* TO DO *
Using the data below, reproduce exactly the lines from the line with "Hey, basement —" to the line with "One thing's for", both included; pictures must be dropped.

* SUPPLIED INFORMATION *

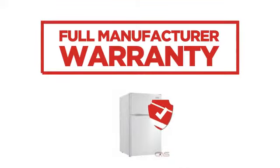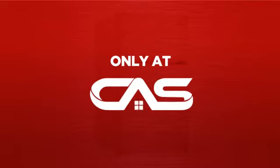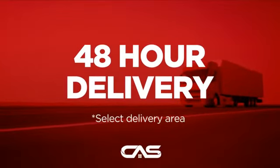Backed with a full manufacturer warranty. And only at Canadian Appliance Source, you get this refrigerator at the best price in Canada. Plus, it can be delivered within 48 hours.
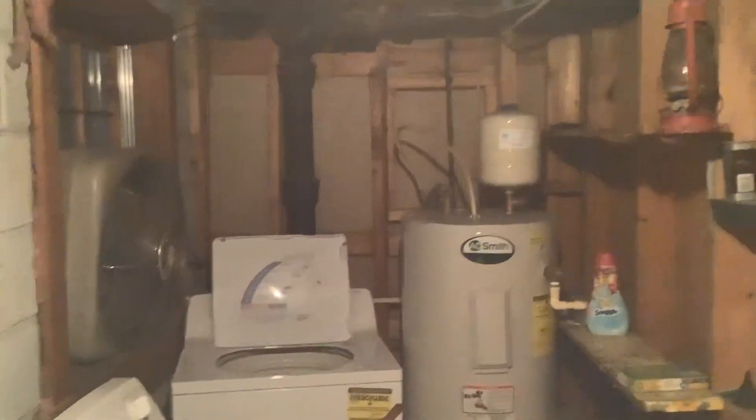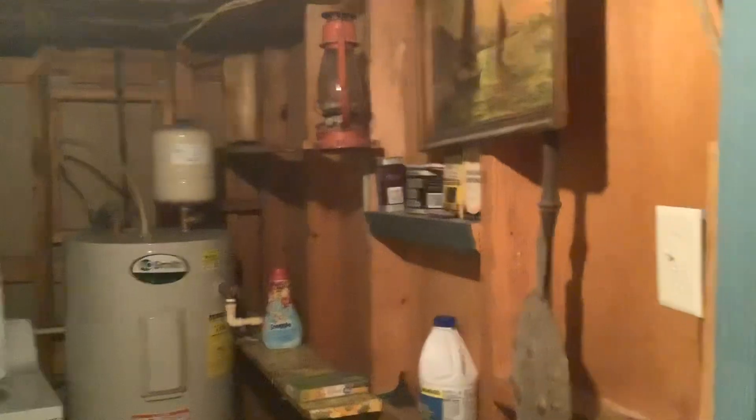Hey, basement — so there's the stairs coming down. There's like a little room over there to the left that's really dark right now. This comes into the laundry room. The laundry room's like this — there's a window with a fan, water heater, washer, dryer, shelf, mirror, I don't know what that is, and shelving.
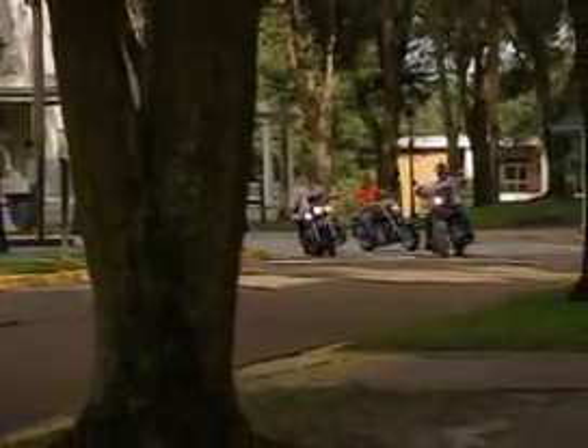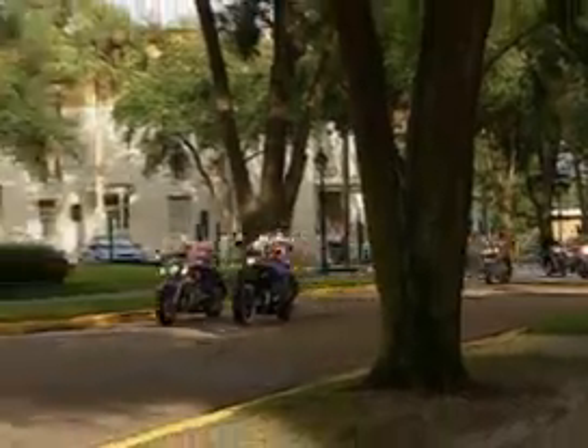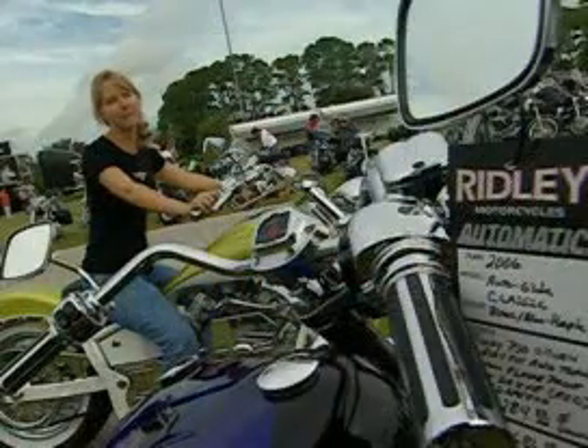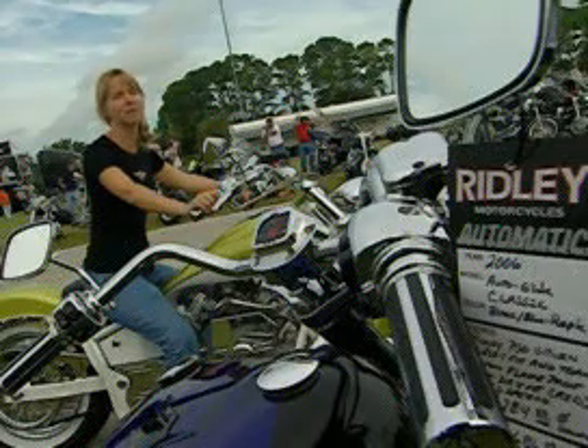One thing's for sure — these machines are destined to change the way the world thinks about motorcycles. Because once you ride a Ridley, everything else is, well, a lot more work. The first time I sat on a Ridley motorcycle, I knew it was just right for me. That's why I wanted to buy one — it's fit for me. I can reach the ground easily, and it doesn't feel like it's too much for me to handle.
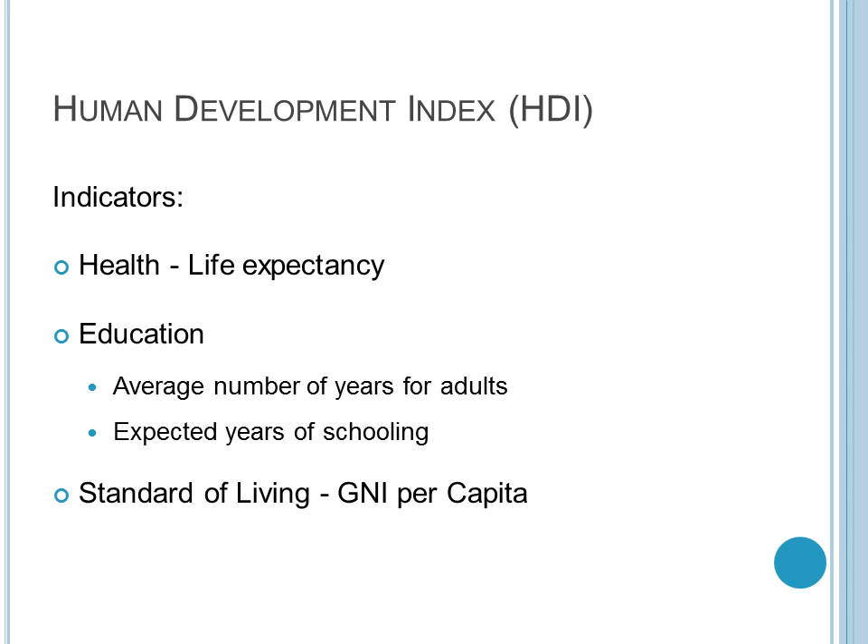The human development index is a report on how well a country is developing. It has three indicators: the first being health, focused on life expectancy; the second being education, focused on the average number of years adults spend in school; and the third being standard of living, focused on general income. In Mongolia, the life expectancy is about 68.5 years. The number of years adults spend in school is about 8.3, while the expected number is 14.1. The gross national income per capita is $3,198. Overall, Mongolia has a ranking of 110 out of 187 countries included in the report.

* RESPONSE TO THIS TASK *
Hey, basement — so there's the stairs coming down. There's like a little room over there to the left that's really dark right now. This comes into the laundry room. The laundry room's like this — there's a window with a fan, water heater, washer, dryer, shelf, mirror, I don't know what that is, and shelving.
One thing's for sure — these machines are destined to change the way the world thinks about motorcycles. Because once you ride a Ridley, everything else is, well, a lot more work. The first time I sat on a Ridley motorcycle, I knew it was just right for me. That's why I wanted to buy one — it's fit for me. I can reach the ground easily, and it doesn't feel like it's too much for me to handle.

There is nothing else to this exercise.